How far will industry groups go to protect their interests? A recent exposé by California Watch shows that some will take their PR campaigns to the schools. California school officials edited an environmental curriculum after being pressured by the American Chemistry Council (ACC) to endorse plastic shopping bags, according to California Watch. It all began in 2004 when the California Environmental Protection Agency (EPA) put together a team of stakeholders to help with the curriculum, the team included a representative from the ACC. In 2009, ACC sent a letter filled with suggested edits for a section on plastic bags in the 11th-grade text book.
The California Watch exposé points out that in 2009 the ACC was waging a PR campaign against proposed state and city plastic shopping bag bans across the U.S. A year later, the ACC managed to help stop California state legislation that would have imposed a ban on plastic shopping bags. However, the ACC could not stop San Francisco and Los Angeles County from enacting bans.
During 2009, California school officials hired a private consultant who added a section to the 11-grade teachers’ edition textbook called “The Advantages of Plastic Shopping Bags.” The expose states that the “title and some of the textbook language were inserted almost verbatim from letters written by the chemistry council.”
Four questions were also added to a workbook, and one of the questions asks students “What are the advantages of using plastic shopping bags?” The teachers’ edition states that the correct answer is: “Plastic shopping bags are very convenient to use. They take less energy to manufacture than paper bags, cost less to transport, and can be reused.”
The state paid the State Education and Environmental Roundtable, a nonprofit group almost $2.4 million from 2004 to 2010 for consulting on the curriculum. Gerald Lieberman, director of the State Education and Environmental Roundtable, said, “I had total control, really, about what comments I accepted or didn’t accept.”
Lieberman added, “Even the ones that came internally. I was happy to have that. It meant I could get it done the way I thought was best.”
After Lieberman received a copy of the letter with the ACC’s criticisms of the 11-grade curriculum, according to the expose, the changes to the plastic shopping bag section were made.
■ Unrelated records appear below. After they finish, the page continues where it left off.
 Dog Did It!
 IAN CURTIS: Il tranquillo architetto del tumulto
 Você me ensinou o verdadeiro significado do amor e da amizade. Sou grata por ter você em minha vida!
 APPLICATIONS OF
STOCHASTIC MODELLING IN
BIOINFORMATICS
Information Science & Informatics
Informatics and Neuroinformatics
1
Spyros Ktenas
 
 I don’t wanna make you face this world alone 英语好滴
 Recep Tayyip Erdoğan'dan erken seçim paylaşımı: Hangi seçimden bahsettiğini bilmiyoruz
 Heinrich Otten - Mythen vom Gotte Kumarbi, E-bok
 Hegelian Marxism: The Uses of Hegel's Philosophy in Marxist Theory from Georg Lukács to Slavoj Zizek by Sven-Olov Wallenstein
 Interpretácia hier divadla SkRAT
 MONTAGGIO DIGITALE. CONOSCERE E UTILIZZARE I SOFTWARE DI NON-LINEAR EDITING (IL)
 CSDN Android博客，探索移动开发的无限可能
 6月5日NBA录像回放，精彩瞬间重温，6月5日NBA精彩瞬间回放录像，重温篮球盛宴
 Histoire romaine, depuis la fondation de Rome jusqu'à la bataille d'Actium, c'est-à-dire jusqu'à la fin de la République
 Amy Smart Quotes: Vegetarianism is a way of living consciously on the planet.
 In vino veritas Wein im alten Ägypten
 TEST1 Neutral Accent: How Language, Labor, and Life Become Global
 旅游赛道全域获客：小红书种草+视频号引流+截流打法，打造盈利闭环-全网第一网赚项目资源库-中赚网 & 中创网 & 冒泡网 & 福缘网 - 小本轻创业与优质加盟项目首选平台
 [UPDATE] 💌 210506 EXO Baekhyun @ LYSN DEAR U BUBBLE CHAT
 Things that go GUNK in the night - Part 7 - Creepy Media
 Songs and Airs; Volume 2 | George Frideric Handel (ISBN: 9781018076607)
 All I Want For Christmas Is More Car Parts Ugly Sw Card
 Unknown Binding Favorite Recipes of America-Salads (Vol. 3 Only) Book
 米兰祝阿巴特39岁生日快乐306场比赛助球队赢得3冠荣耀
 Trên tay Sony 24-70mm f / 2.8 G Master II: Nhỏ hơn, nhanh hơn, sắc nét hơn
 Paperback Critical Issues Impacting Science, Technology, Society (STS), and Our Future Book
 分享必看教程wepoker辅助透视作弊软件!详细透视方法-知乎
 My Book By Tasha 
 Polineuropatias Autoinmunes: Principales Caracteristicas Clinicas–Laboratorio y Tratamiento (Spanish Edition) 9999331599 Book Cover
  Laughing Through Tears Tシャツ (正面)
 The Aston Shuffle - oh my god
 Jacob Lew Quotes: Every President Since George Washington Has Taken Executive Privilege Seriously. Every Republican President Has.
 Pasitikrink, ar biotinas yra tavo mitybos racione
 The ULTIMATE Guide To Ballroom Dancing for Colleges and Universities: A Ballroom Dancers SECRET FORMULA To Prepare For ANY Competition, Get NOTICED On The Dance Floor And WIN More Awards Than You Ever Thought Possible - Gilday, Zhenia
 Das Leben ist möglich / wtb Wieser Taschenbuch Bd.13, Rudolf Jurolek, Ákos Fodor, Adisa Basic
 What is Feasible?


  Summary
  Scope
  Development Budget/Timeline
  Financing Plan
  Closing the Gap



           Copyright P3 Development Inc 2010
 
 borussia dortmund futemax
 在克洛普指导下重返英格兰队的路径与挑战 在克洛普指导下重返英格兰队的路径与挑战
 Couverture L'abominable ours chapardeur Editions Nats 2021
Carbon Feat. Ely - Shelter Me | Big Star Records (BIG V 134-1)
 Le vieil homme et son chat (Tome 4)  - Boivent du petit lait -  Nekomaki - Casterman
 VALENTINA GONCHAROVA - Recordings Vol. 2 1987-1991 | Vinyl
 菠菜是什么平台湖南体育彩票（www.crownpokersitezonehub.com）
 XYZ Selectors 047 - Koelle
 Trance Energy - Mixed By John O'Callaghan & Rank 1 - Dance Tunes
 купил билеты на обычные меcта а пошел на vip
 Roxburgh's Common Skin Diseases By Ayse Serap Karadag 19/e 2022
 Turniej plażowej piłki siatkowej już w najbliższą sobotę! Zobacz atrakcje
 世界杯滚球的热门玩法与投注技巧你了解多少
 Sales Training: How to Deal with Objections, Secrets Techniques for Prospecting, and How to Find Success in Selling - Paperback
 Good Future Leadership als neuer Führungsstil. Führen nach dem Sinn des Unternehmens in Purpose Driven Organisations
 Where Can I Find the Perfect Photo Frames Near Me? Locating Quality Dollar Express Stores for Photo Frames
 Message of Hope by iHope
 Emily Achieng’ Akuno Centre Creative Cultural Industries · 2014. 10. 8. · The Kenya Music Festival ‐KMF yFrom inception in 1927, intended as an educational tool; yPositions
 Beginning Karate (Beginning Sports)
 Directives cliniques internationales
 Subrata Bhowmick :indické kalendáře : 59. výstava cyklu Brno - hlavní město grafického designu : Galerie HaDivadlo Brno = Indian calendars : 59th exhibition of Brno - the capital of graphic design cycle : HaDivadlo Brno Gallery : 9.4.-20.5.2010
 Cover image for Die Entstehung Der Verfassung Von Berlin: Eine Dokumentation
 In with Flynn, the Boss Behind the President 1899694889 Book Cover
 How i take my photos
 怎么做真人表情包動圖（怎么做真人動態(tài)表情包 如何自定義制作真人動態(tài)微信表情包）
The ACC letter said, “To counteract what is perceived as an exclusively negative positioning of plastic bags issues, we recommend adding a section here entitled ‘Benefits of Plastic Shopping Bags.”
Bryan Ehlers, the California EPA’s assistant secretary for education and quality programs, said that other states expressed an interest in using the California textbooks, including Delaware and Maryland.
State Superintendent of Public Instruction Tom Torlakson issued a statement on August 19 that his staff will work with California EPA “to identify any material where further review may be warranted.”